Leo's voice came through the phone speakers, tinny but clear.
"I think in order for Yale to beat Harvard this year, it has to be a team effort. I can't do it alone. I need everyone's help. The whole school. Show them that Yale won't bow down to a mere divine domain."
The people pressed closer, leaning in to hear.
"Coach Williams told me about Texas A&M's 13th Man tradition. I don't really know the details. But all I know is, if we add a hundred and fifty thousand men and women to our team, I'm pretty sure we can overwhelm Harvard together."
The cluster of fans grew quiet.
"He's asking us to be on the team," the man with thick glasses said. "The 13th Man at Texas A&M started because the fans stood the entire game, ready to step onto the field if called."
The man in the next seat stood up. "So what do we need to do?"
Before Tom could answer, the elderly man two rows up cupped his hands around his mouth and bellowed with a volume that suggested he forgot everyone wasn't cheering.
"WHATEVER THE BOY NEEDS, HE GETS IT! YOU HEAR ME?"
A roar of approval from the surrounding sections.
"He needs us to resist the domain with him," Tom said, raising his voice above the swell. "That's what the Heart of Flesh is about. Connection to life. If Leo walks onto that field against Mateo alone, he kneels. If he walks on with a hundred and fifty thousand people behind him..."
He let the sentence hang.
The woman behind them was already typing on her phone. "We need a name for this."
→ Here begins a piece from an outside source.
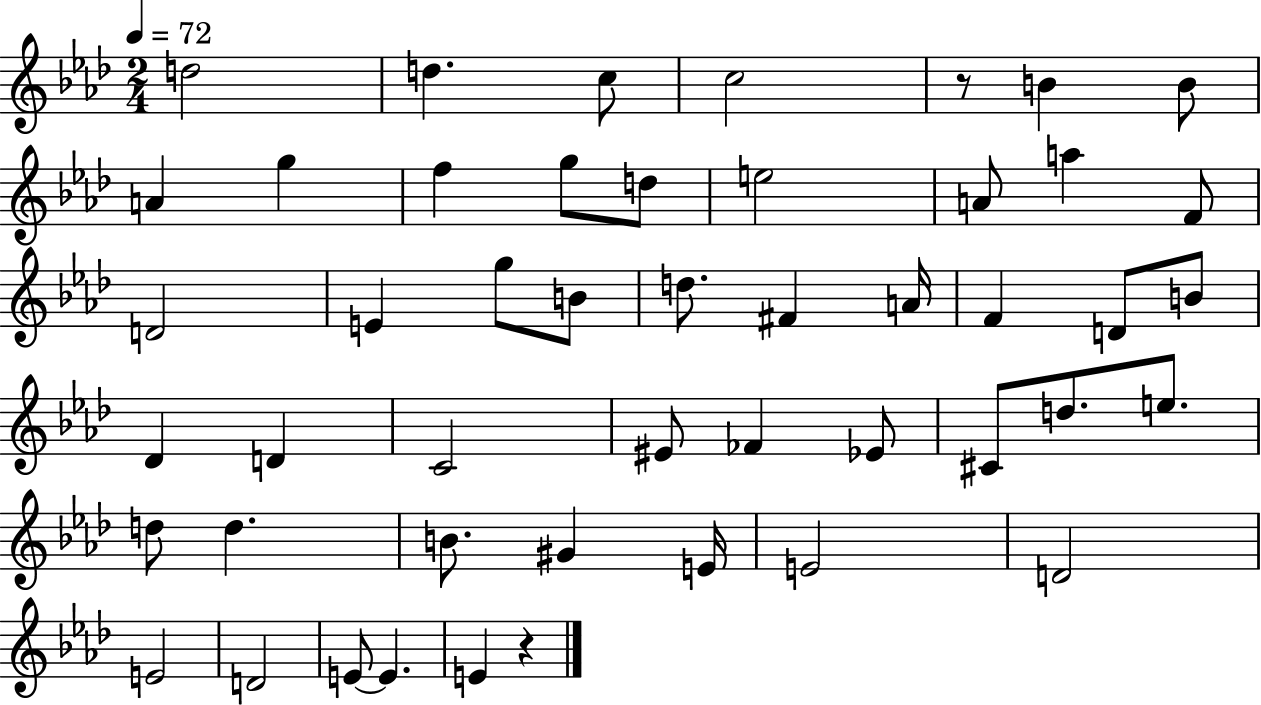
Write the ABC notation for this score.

"The Bulldog Army," Dawson said. Everyone looked at him. "What? Leo said he needs a hundred and fifty thousand extra players on the team. Sounds like an army to me."
"Bulldog Army," the man with thick glasses repeated. He pulled out his own phone. "I run the Giants fan forum. Forty thousand members. I can have this posted by tonight."
"My daughter's at Yale Law," the woman said. "She'll spread it across campus."
"I coach pee-wee Flying Aces in Bridgeport," another voice called from a few seats down. "Every one of those kids is wearing a Flyer 7 jersey right now. Their parents too."
Tom pulled out his phone, opened Instagram, created a new account, and typed the handle: @BulldogArmy.
He uploaded the pregame interview clip as the first post. Then he turned the phone around so the crowd could see.
"Follow this," Tom said. "Share it. Tag everyone you know."
The man with thick glasses had his phone out already. "Done. Shared to the Giants forum."
The woman tagged her daughter's account. The elderly man two rows up handed his phone to a teenager and said, "Do whatever the boy just said."
Tom watched the follower count tick upward. Twelve. Forty. A hundred and six. People in the surrounding sections were passing the handle along by word of mouth, each person pulling out their phone and searching for it.
By the time the post-game fireworks crackled over the Yale Bowl, the account had two hundred thousand followers.